I’m not fully understanding how matching works with function arguments. In Functions and Pattern Matching it is explained (IMO poorly) that everything in the argument is matched independently. As a result this experiment I made works:
iex(6)> test = fn (%{a: x} = %{b: y}) -> IO.puts "x:" <> x <> " y:" <> y end
#Function<42.18682967/1 in :erl_eval.expr/6>
iex(7)> test.(%{a: "what", b: "happened"})
x:what y:happened
:ok
iex(8)>
But I don’t fully understand the semantics of this. Is the = here the same match operator as usual? I tested the match operator alone for this behavior and it does seem to match everything!
So it seems that the match operator is both associative and commutative which I did not expect. I also assume passing arguments is the same as including another match with the passed argument. (this is correct)
Where is this documented? A quick search on the Elixir hexdocs of = and match aren’t fruitful. Pattern matching — Elixir v1.19.0-dev doesn’t say anything about it.
Edit: I think the article may just be wrong or poorly worded. I still need some clarification though
Thank you @LostKobrakai for clarifying things. The match operator always returns the right side value or fails with an error.
Are you saying that x is assigned with "what" because the first match %{b: y} = %{a: "what", b: "happened"} includes a?
I’m testing out forcing the left side to evaluate first and it still seems to match. I also included a match with undefined variables first to see what the error is, and then after to see if the two independent maps match because they don’t have conflicting values.
iex(1)> %{a: x} = %{b: y}
error: undefined variable "y"
└─ iex:1
** (CompileError) cannot compile code (errors have been logged)
iex(1)> (%{a: x} = %{b: y}) = %{a: "what", b: "happened"}
%{a: "what", b: "happened"}
iex(2)> x
"what"
iex(3)> y
"happened"
iex(4)> %{a: x} = %{b: y}
** (MatchError) no match of right hand side value: %{b: "happened"}
(stdlib 6.2) erl_eval.erl:667: :erl_eval.expr/6
iex:4: (file)
iex(4)>
But it would match if there were partial keys matching?
I think I’m starting to get the semantics here: match(pattern, pattern) -> option<pattern> (pseudo-code types) and finally it builds until there are no match operators and you have one pattern that defines the undefined variables in it.
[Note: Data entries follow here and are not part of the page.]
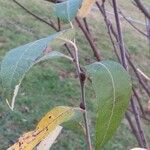 Salix hookeriana Hoja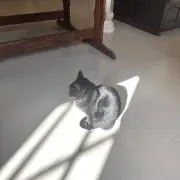 みみ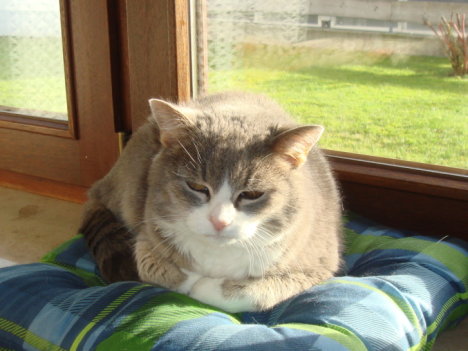 Picture of a cat / kitten / feline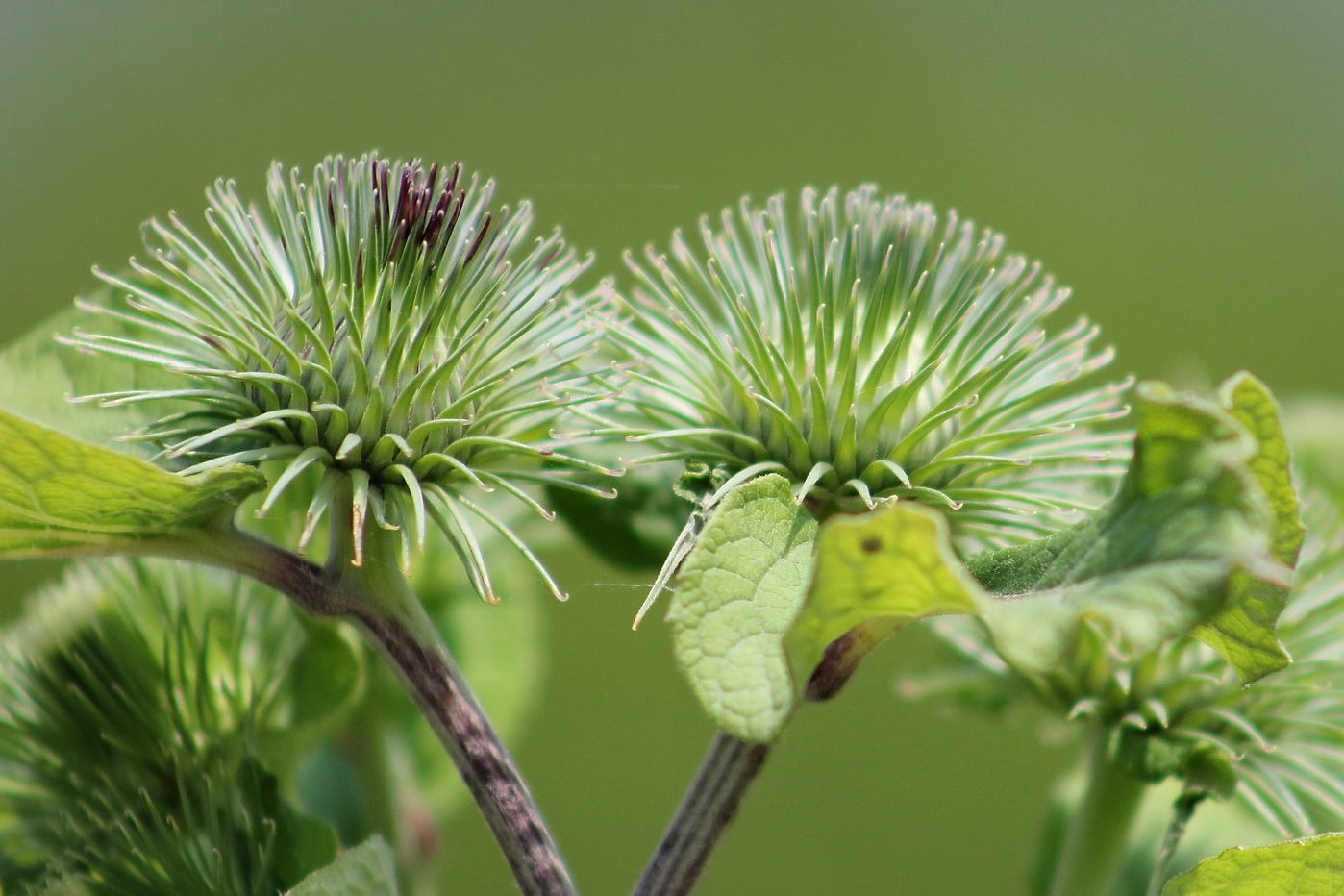 Изображение особи Arctium lappa.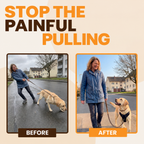 Amble Hound No-Pull Harness
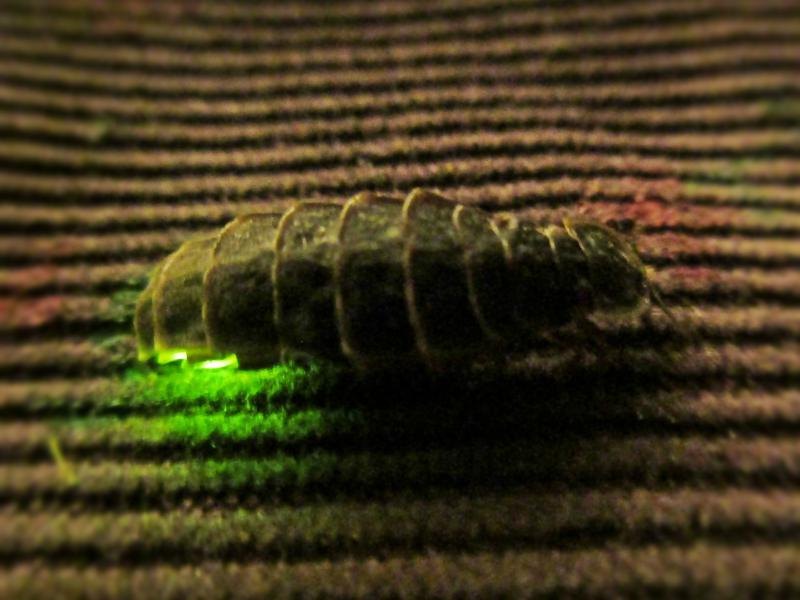 A segmented, wingless brown insect rests on ridged fabric in the dark, the tip of its tail shining bright green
Apologies that my vocabulary is a bit imprecise here.
No I’m wrong. It is not commutative or associative. It’s RTL 100% like @derek-zhou says, but you have more freedom to re-arrange the order on the left hand side because of either some match semantics or map semantics I don’t fully understand.
Again I’m confused about what the section here: Functions and Pattern Matching is saying about pattern match independence:
If we switch the order of %{name: person_name} and person in the list, we will get the same result because each are matching to fred on their own.
We swap the variable and the map:
defmodule Greeter3 do
def hello(person = %{name: person_name}) do
IO.puts "Hello, " <> person_name
IO.inspect person
end
end
And call it with the same data we used in Greeter2.hello/1:
Remember that even though it looks like %{name: person_name} = person is pattern-matching the %{name: person_name} against the person variable, they’re actually each pattern-matching to the passed-in argument.
Is the article just wrong or poorly worded? person = %{name: person_name} seems to match person with the full map because %{name: person_name} = fred results in a match on the full map.
I stepped away to eat, and looking at this again with a clear head is mostly embarrassing. Nonetheless, there are some subtleties concerning variable assignment to clarify.
The match operator only assigns variables on the left side, but you can still match with undefined variables on the right if the match is part of a larger expression where they will be bound. This is why giving the left match precedence in (%{a: x} = %{b: y}) = %{a: "what", b: "happened"} works.
What initially threw me off from this article Functions and Pattern Matching still confuses me though. It states: “Remember that even though it looks like %{name: person_name} = person is pattern-matching the %{name: person_name} against the person variable, they’re actually each pattern-matching to the passed-in argument,”. Is this incorrect? Are there special pattern match rules within function signatures? Isn’t it just the same as matching RTL starting with the argument on the right most side?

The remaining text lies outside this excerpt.